Amy Elizabeth Clark, a newly appointed assistant professor of anthropology, understands why. “A big part of our record comes from stone tools, and a certain number of those tools are weapons,” she said.
But Clark gravitates to other varieties of Stone Age artifacts. A specialist in the earliest reaches of the archaeological record, Clark is particularly fascinated by the first iterations of designated living spaces. Motivating this interest is what Clark calls a “feminist approach” to studying human history. “It’s a way of forwarding women when we think about the past,” she explained.
Clark’s interest dates to her time as an anthropology major at New York University. Upon earning her bachelor’s in 2005, she leapt at the opportunity to participate in excavations of early rockshelters in the southwest of France.
Once inhabited by the first Homo sapiens in Europe, these sites were “really integral to my thinking about the origins of the home,” Clark said. “The walls were decorated with engraved animals.

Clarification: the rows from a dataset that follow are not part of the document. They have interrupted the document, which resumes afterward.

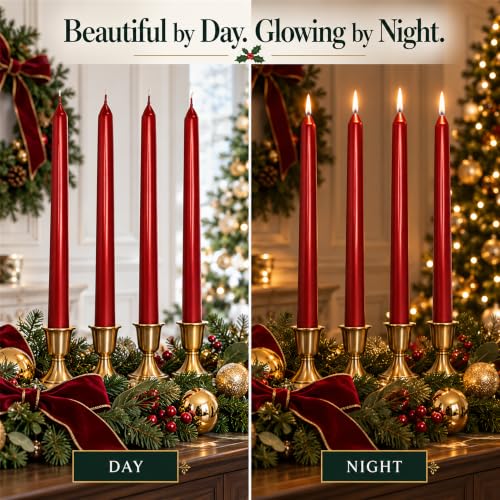 Red Metallic Taper Candle 10 Inch Unscented – Set of 4 by XINAOBAOLUO, Gold/Red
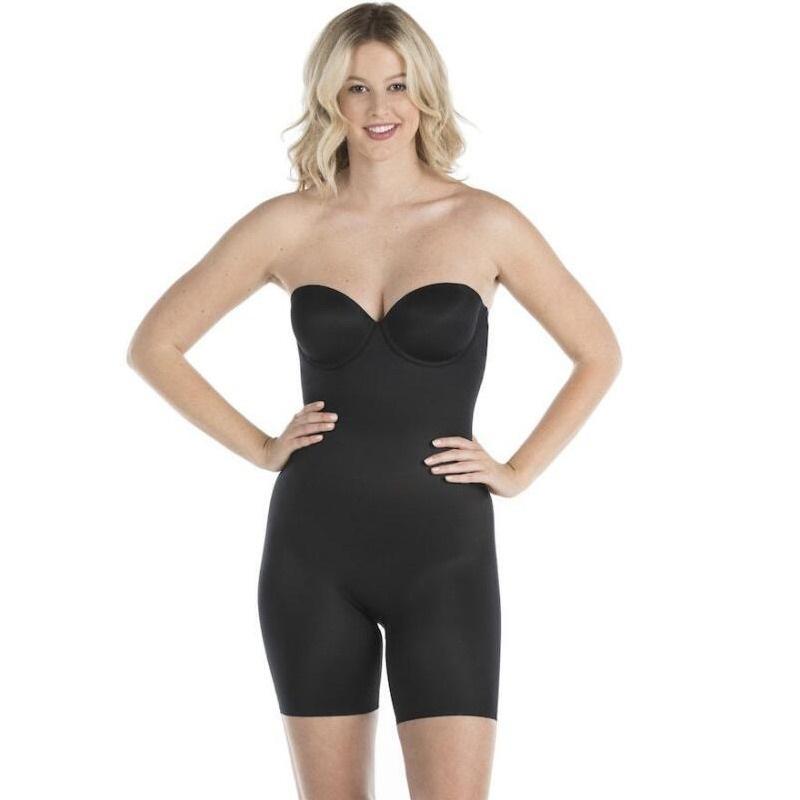NWT Assets S Red Hot Spanx Convertible Cupped Mid-Thigh Bodysuit 10173R 135771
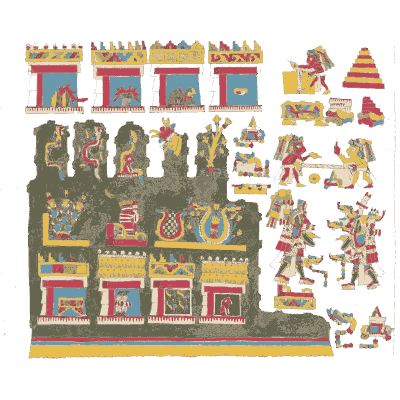 Dark temple among red panels - Antiquities of Mexico, Volume 2 - 1831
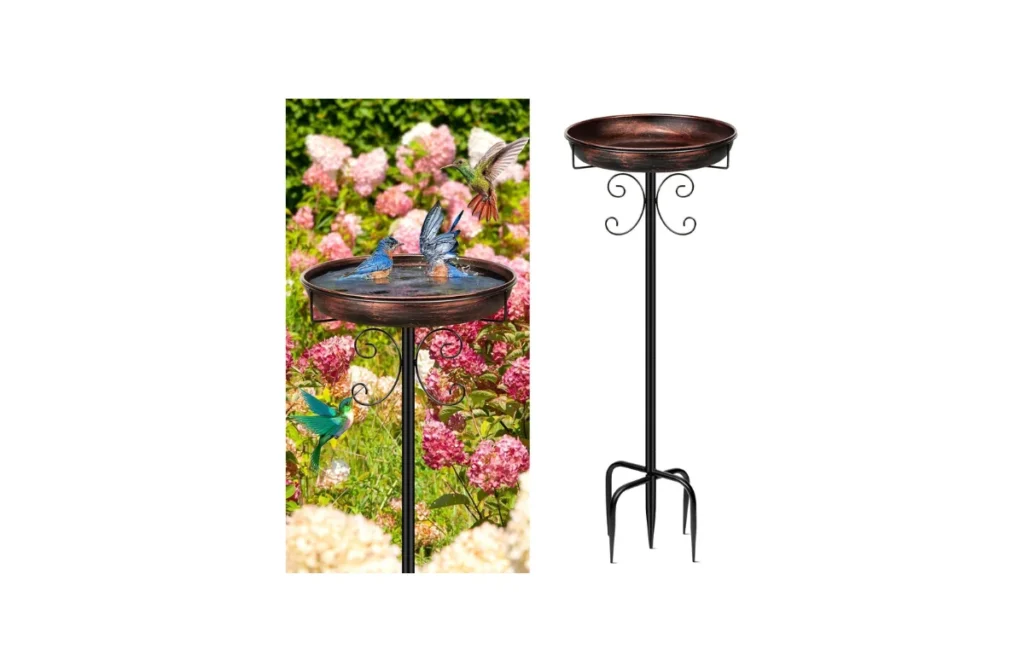 3. Daoeny 35" Vintage Freestanding Bird Bath & Feeder – Antique Bronze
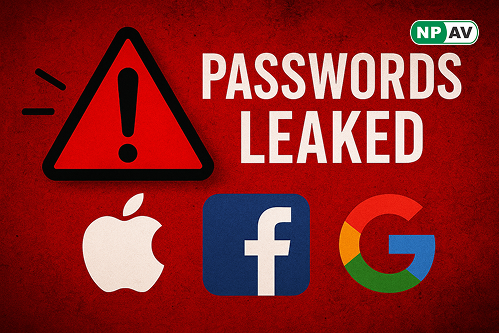 apple, facebook, and ggogle logo with danger sign and password leaked text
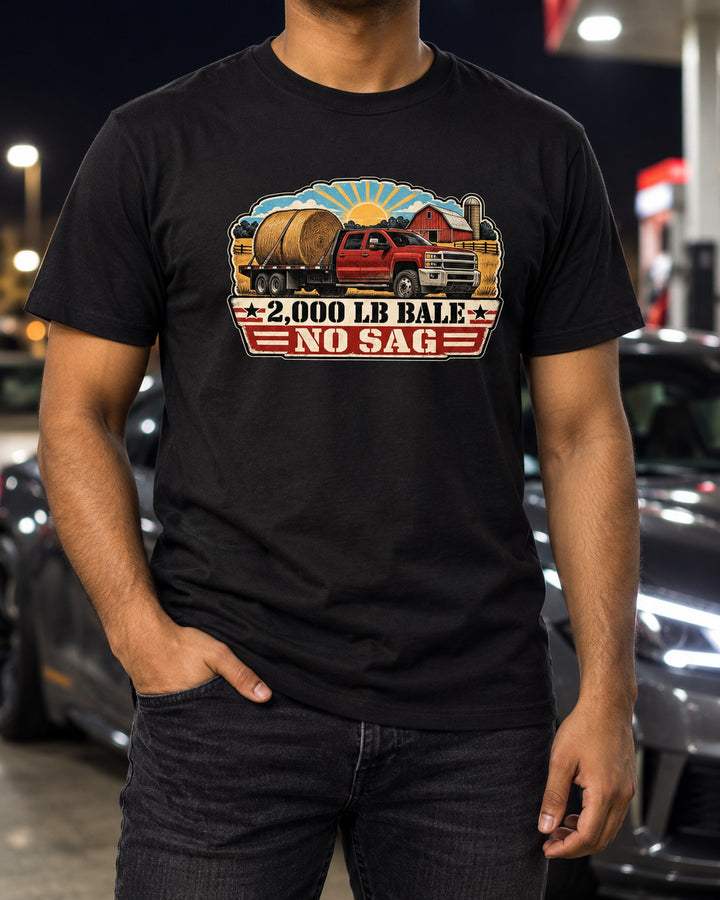 Ram 3500 6.7 Cummins Round Bale Hauler Distressed Americana Tee T-Shirt Black worn hero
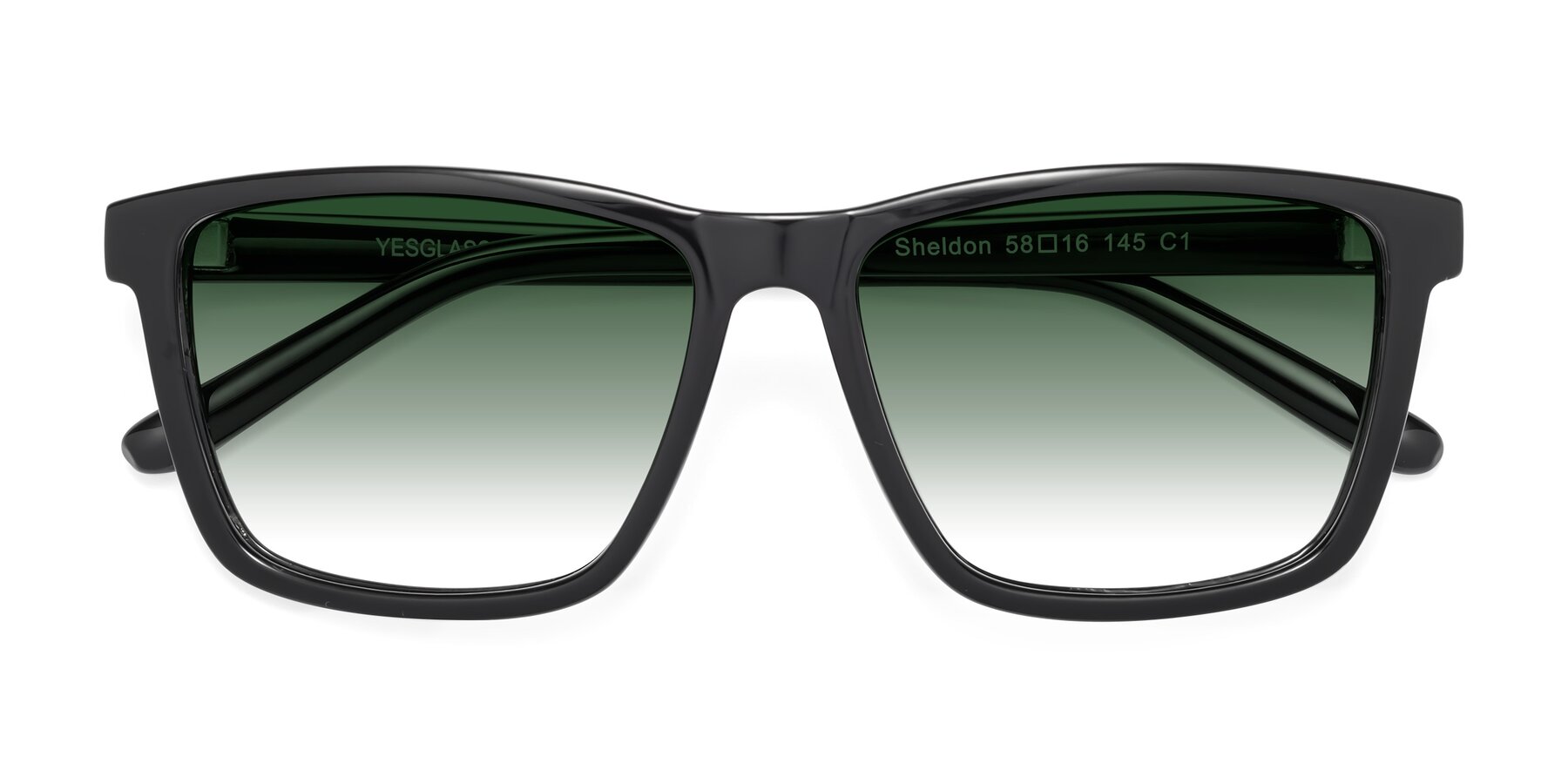 Folded Front of Sheldon in Black with Green Gradient Lenses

They had these hearth-like features configured in a very specific way, and that configuration was repeated at several different sites. It seems they had a blueprint for what makes a home.”
Clark received her doctorate at the University of Arizona, doing her dissertation on some open-air Neanderthal sites, also located in southwestern France. It’s unclear how long these spaces were occupied. Nevertheless, Clark found them comparatively chaotic, littered with stone tools and bones. “You can see that to a certain degree in the modern human sites,” she said, “but there’s a greater sense of organization and also decorative elements.”